Mike Johanson

About Me

I am a Research Scientist in DeepMind's Edmonton office. Lately, I've been working on multiagent RL and environments shared by humans and agents using virtual reality. My most recent paper is on the emergence of microeconomic behaviour in populations of RL agents, in an environment where they learn to produce, consume, and exchange goods. The agents are generic RL agents used in other environments, and learn this behaviour from scratch, with no domain knowledge coded into the agents: they learn this behaviour on their own, through trial and error.In ways familiar to any Microeconomics 101 student, we can study the effects of supply or demand shifts, and we find that the agents often respond in the ways we predict: if one resource is made more rare in the environment, then the agents converge to a higher price. If we cause an increase in the price of a good, then agents respond by trying to produce more of it, and consume less of it.

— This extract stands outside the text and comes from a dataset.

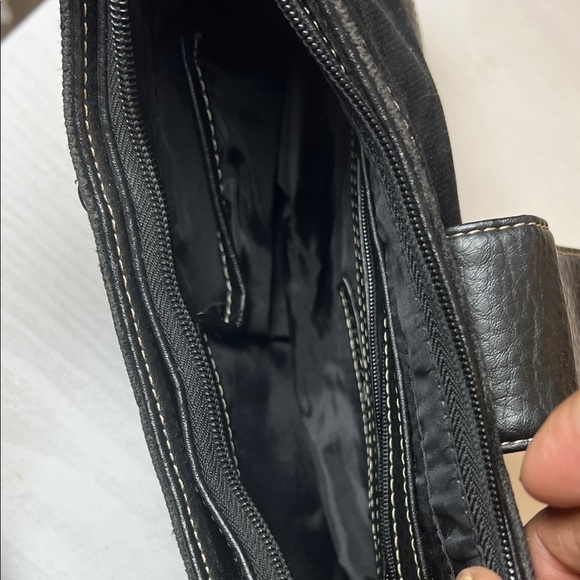 Tommy Hilfiger Black and Gold Shoulder Bag - Picture 6 of 6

I defended my Ph.D. at the University of Alberta in the Department of Computing Science in Edmonton, Canada. I study artificial intelligence and machine learning, applied to the types of problems that humans find challenging and intriguing, such as competitive games of skill. I find ways to program (or more accurately, train) computers to perform as well or better than the best human experts. Human experts can spend years studying a game like poker or chess and play the game at a high level of skill, and the clearly defined rules and goals allow us to make computer programs that can compete against them. By pitting human intelligence against artificial intelligence, we can directly measure the progress of our research towards producing computer agents that make good decisions.

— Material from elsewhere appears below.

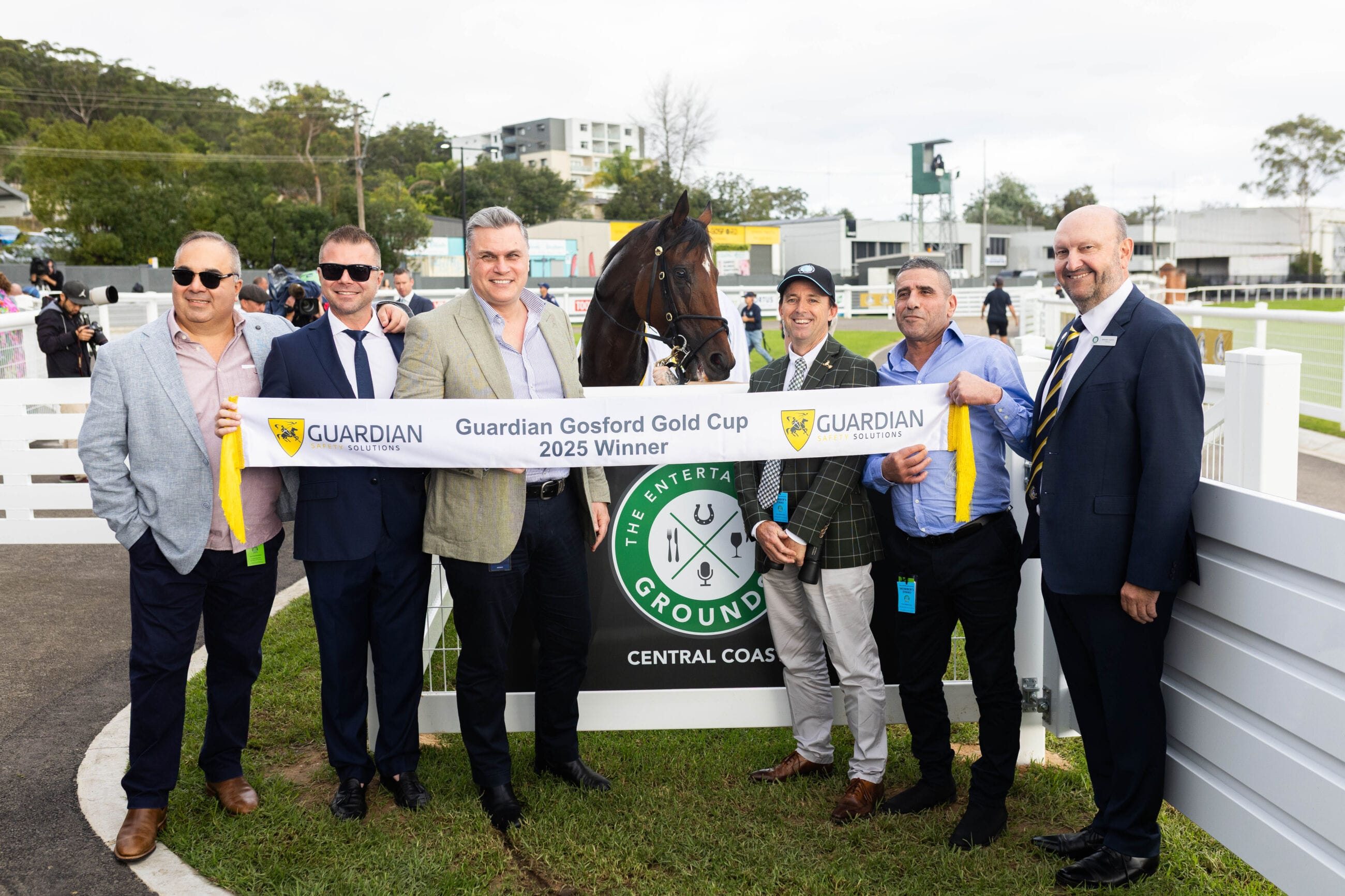 COAST CLUB RACE DAY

Since 2006, I have been a member of the University of Alberta Computer Poker Research Group, and have developed techniques for creating world-class poker agents. This work is largely driven by the Counterfactual Regret Minimization (CFR) algorithm, which is a self-play technique. Instead of directly programming the computer how to act in each situation, we instead set the computer up to repeatedly play games against itself. At each decision, it estimates the value of taking each action, and then improves its strategy a little by choosing better actions more often in future games. Over billions of games (which takes days or weeks), the program improves and tries to limit how much it can lose against a perfect adversary. We can then use its strategy to play against human experts, as we did in our 2007 and 2008 Man-vs-Machine Poker Competitions. In 2008, our program Polaris defeated a team of top human experts in a game of Heads-Up Limit Texas Hold'em, marking the first time that a computer program defeated human professionals in a meaningful poker match.

In January 2015, we used a new algorithm called CFR+ to solve the game of heads-up limit Texas hold'em, and our program Cepheus is now essentially unbeatable by any human or computer opponent: even a perfect adversary who has a copy of Cepheus' strategy and unlimited computation. This was the first human-scale imperfect information game to be solved, and the result was published in Science.

Copies of my research papers and short summaries can be found on my Publications page. If you're looking for one good summary paper of our work, I'd suggest my PhD thesis [PDF] from 2016. This paper-based thesis covers seven core papers that took us from our Polaris agent in 2008 that beat human pros in the Second Man-vs-Machine Poker Championship, to our Cepheus agent that solved heads-up limit Texas hold'em in 2015. If you'd like to keep up-to-date with our group's progress, use our Twitter feed: , or follow me on Twitter:


May 02022: Multi-agent Economics

My most recent paper, on multi-agent economics, just hit arXiv: [Local link]. I've been working on this since around January 2018, shortly after joining DeepMind, and after four years I'm excited to share it.

July 02017: DeepMind

I'm now a Research Scientist at DeepMind's new Edmonton office.

March 02017: DeepStack

Our latest Science paper was just released, on DeepStack: game-changing algorithm for tackling large imperfect information games. In December 2016, it became the first program to beat human pros at heads-up no-limit Texas hold'em. [DeepStack.ai]

September 02016: Joined Cogitai

I'm now working at Cogitai.

January 02016: PhD defended!

I defended my PhD this afternoon (January 14th)! Details and thesis are here: [HTML].